┌─ Entries provided
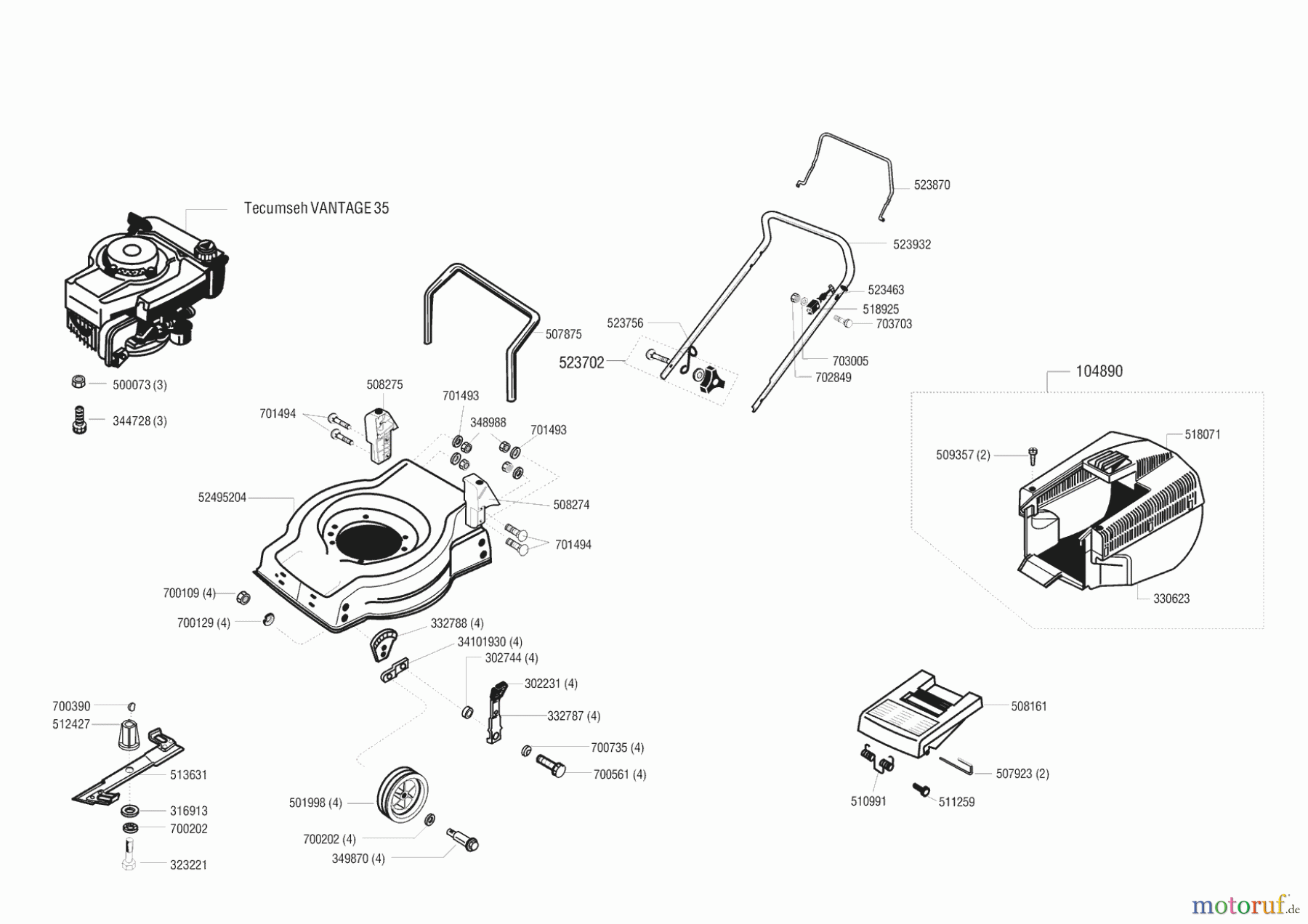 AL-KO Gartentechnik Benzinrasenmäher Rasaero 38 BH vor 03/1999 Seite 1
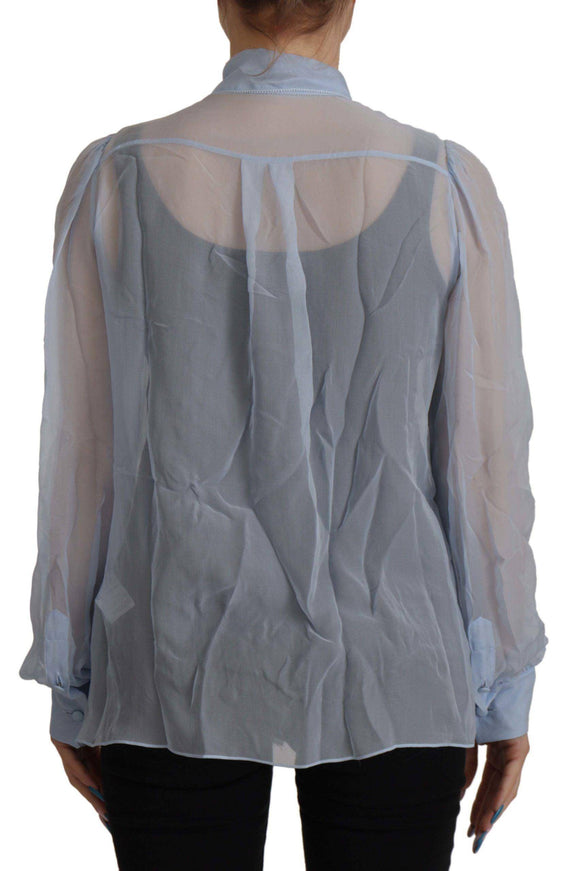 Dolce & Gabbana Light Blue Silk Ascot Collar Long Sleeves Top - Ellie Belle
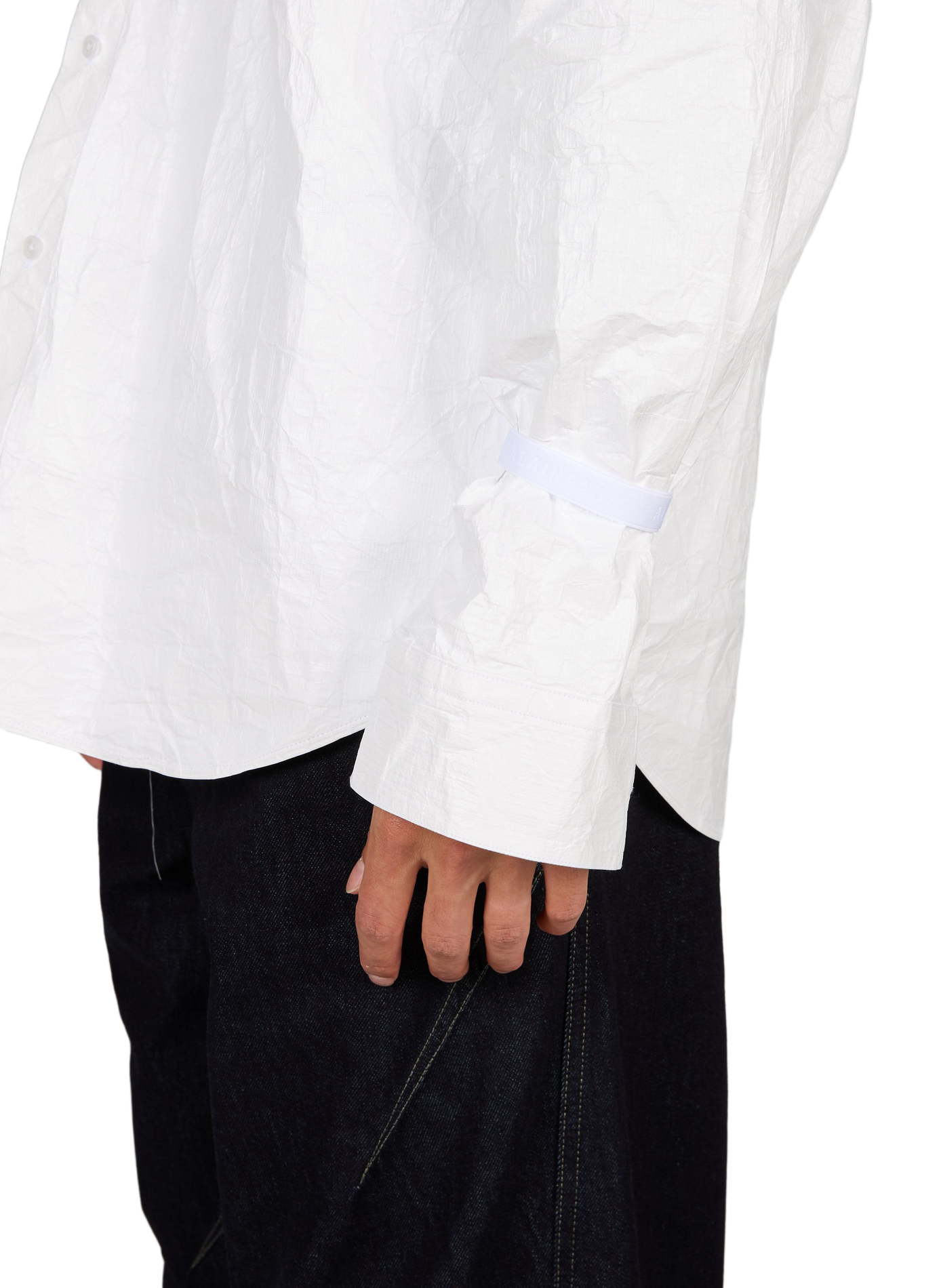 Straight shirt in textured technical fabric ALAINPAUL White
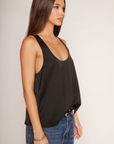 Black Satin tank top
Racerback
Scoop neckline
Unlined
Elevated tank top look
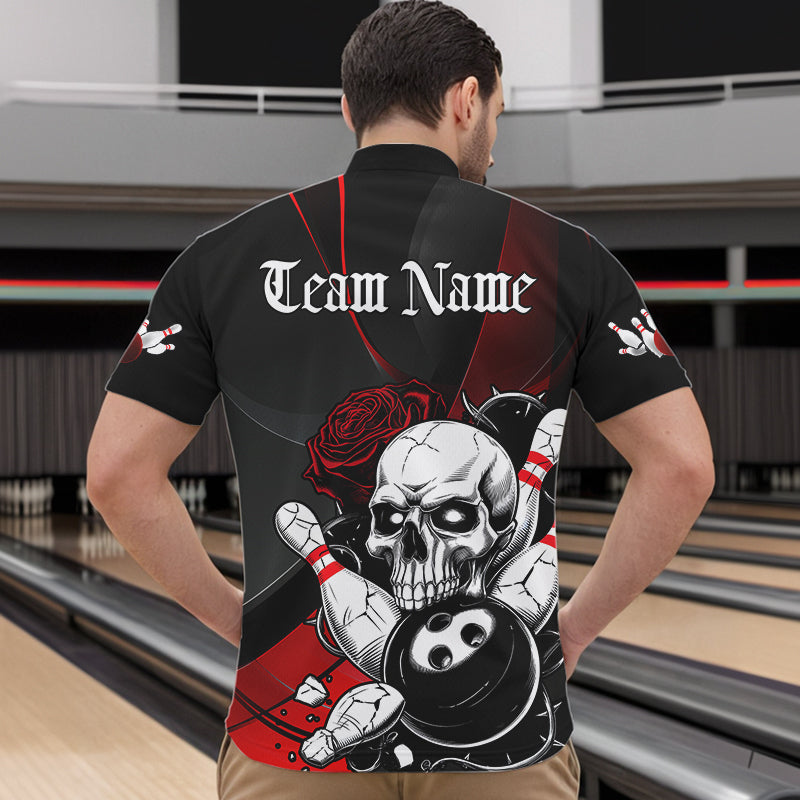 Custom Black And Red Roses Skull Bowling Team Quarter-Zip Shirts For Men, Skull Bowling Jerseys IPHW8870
└─
┌─ Entries provided
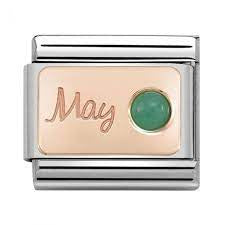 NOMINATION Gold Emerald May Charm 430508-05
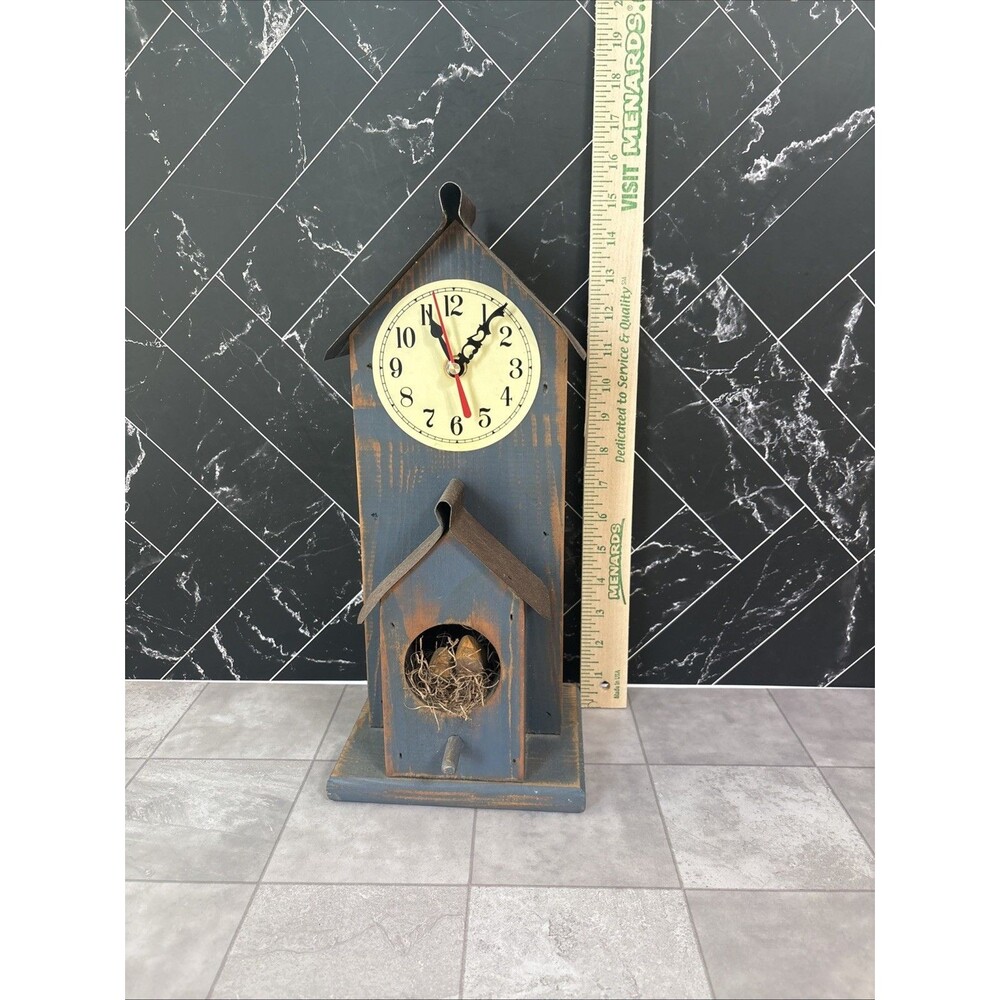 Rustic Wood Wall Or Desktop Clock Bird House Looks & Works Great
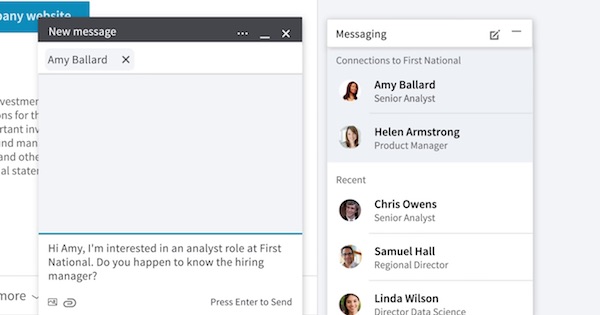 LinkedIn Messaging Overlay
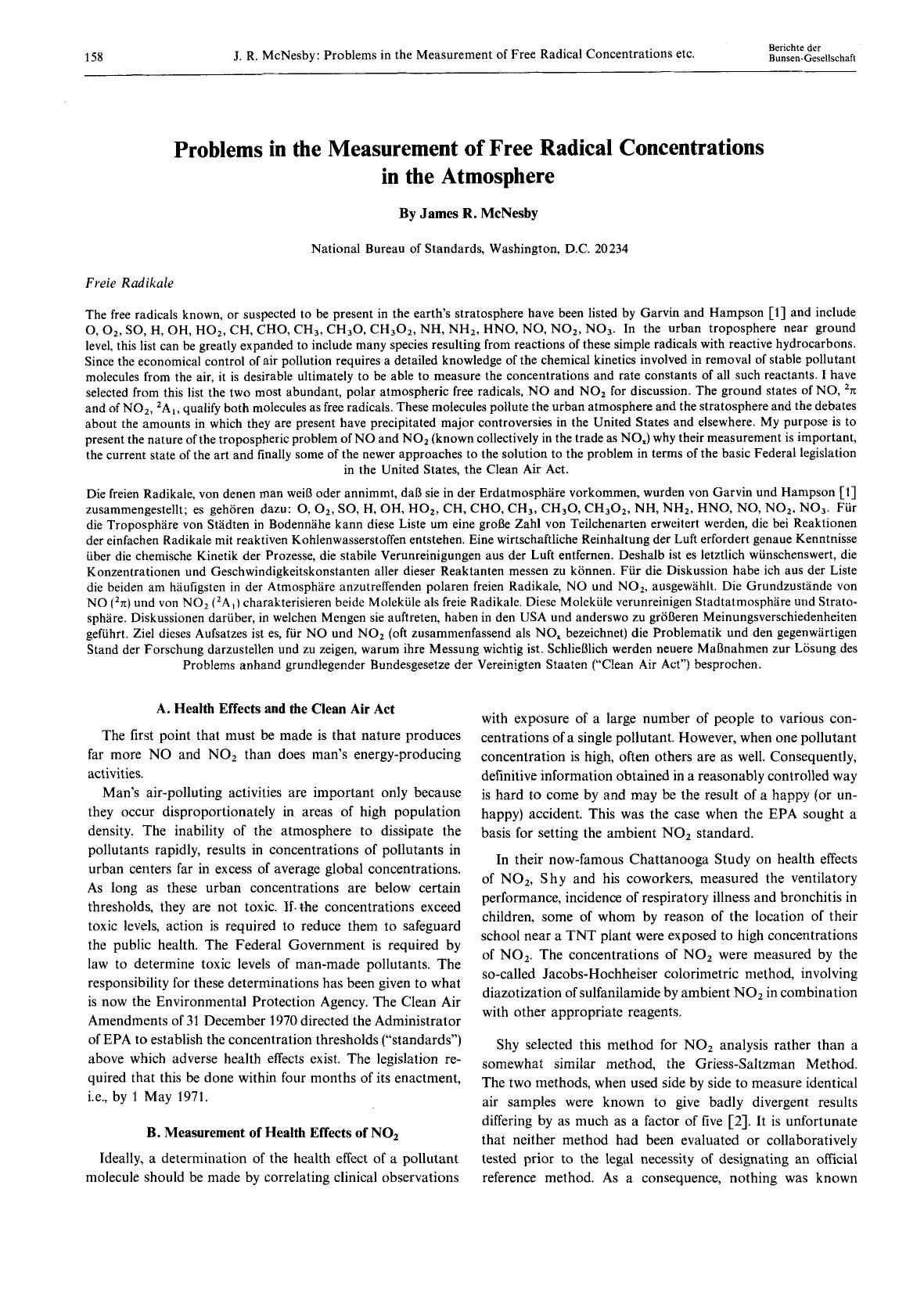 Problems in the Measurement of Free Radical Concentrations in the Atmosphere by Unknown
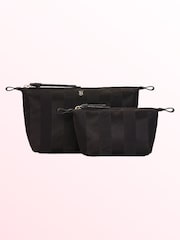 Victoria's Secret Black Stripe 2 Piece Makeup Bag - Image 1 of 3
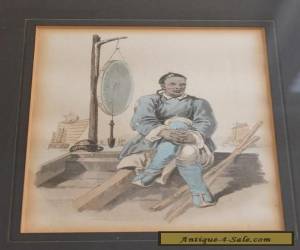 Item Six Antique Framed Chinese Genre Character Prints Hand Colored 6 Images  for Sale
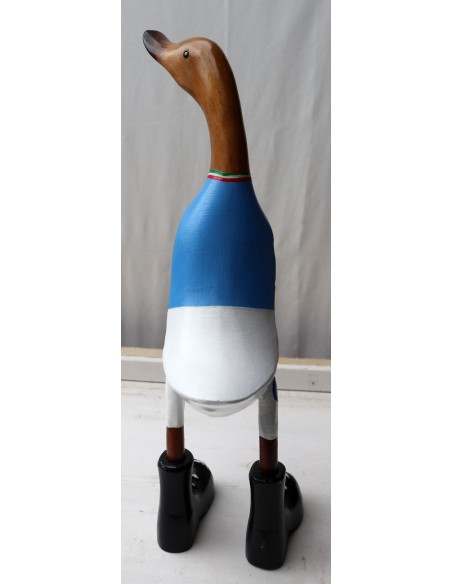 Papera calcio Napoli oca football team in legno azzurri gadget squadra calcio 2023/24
└─
» About this task
Within the entries above, the lines from the one containing "Problems in the" through the one containing "Papera calcio Napoli" are to be transcribed exactly, ends included, pictures excluded.

» Solution below
 Problems in the Measurement of Free Radical Concentrations in the Atmosphere by Unknown
 Victoria's Secret Black Stripe 2 Piece Makeup Bag - Image 1 of 3
 Item Six Antique Framed Chinese Genre Character Prints Hand Colored 6 Images  for Sale
 Papera calcio Napoli oca football team in legno azzurri gadget squadra calcio 2023/24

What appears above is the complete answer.